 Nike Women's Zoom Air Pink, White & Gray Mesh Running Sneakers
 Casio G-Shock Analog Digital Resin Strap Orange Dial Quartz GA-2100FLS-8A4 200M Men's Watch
==
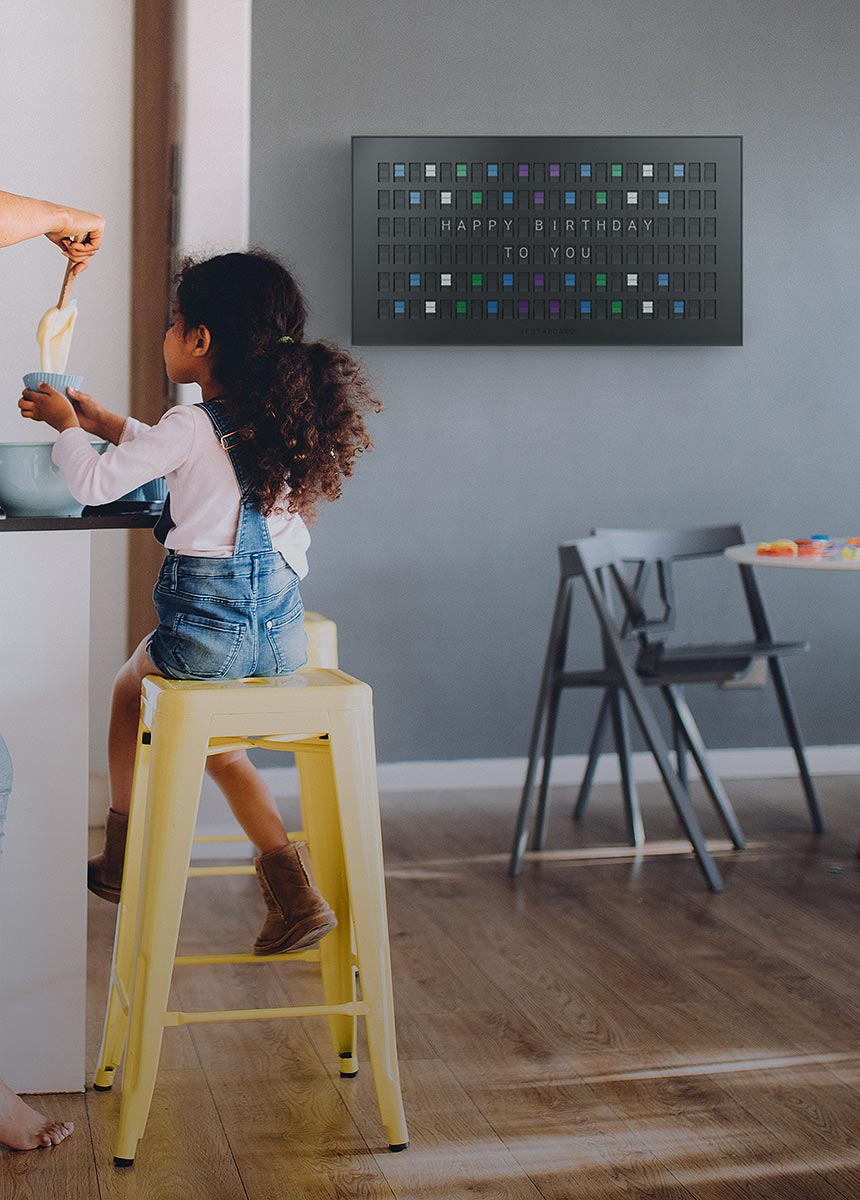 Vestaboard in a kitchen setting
--
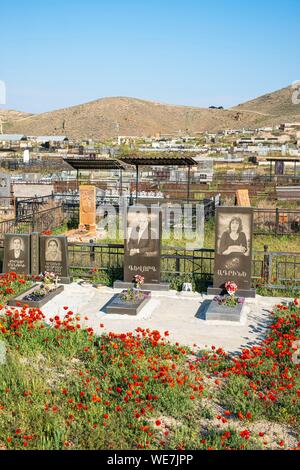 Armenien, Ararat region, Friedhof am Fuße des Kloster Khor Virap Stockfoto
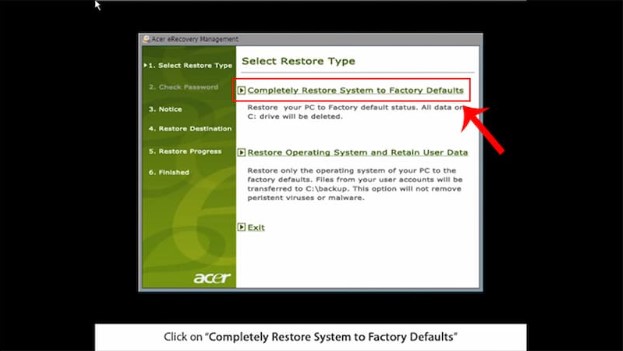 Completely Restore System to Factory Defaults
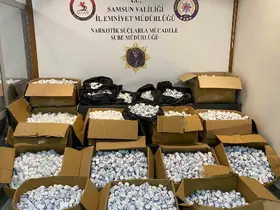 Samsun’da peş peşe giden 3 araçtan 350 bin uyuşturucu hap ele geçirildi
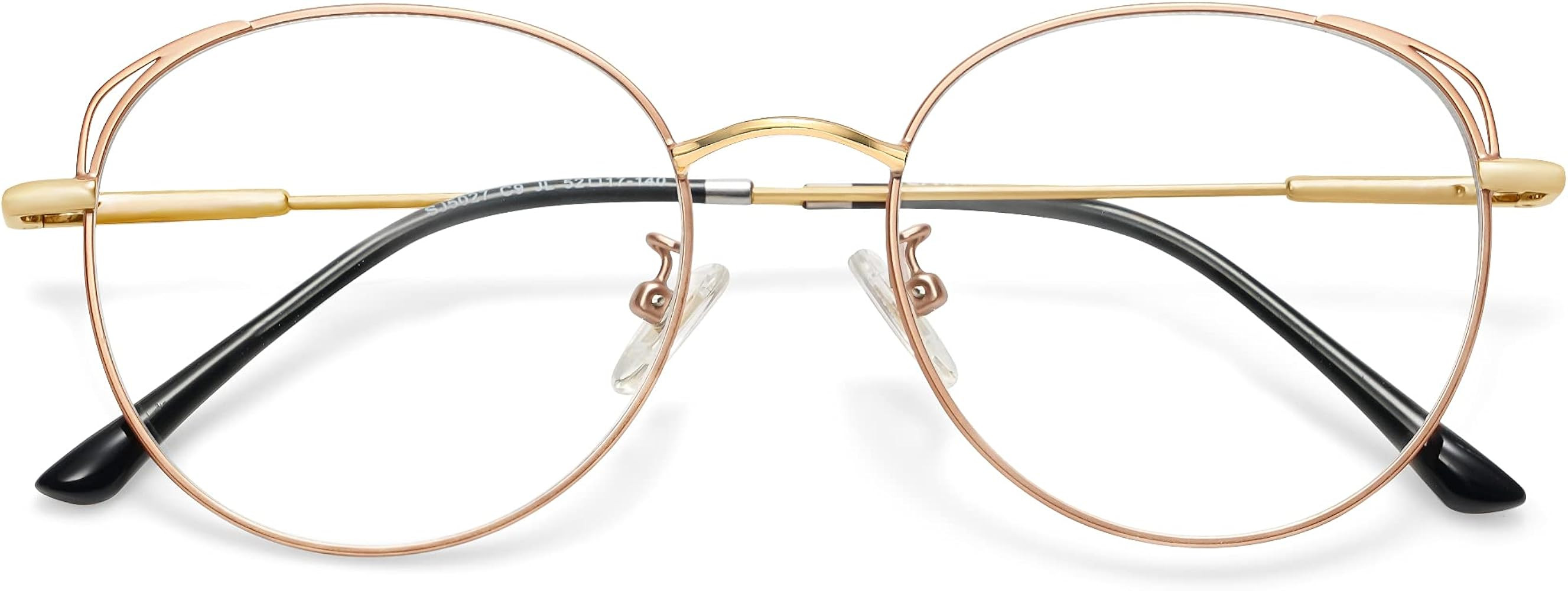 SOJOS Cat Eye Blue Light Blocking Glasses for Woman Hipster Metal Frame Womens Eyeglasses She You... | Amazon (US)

DIRECTIONS: In the entries above, please find the line with "Nike Women's Zoom" and the line with "Casio G-Shock Analog", then write out exactly those two lines and every line between them, and nothing more.

ANSWER TO THIS PROBLEM:
 Nike Women's Zoom Air Pink, White & Gray Mesh Running Sneakers
 Casio G-Shock Analog Digital Resin Strap Orange Dial Quartz GA-2100FLS-8A4 200M Men's Watch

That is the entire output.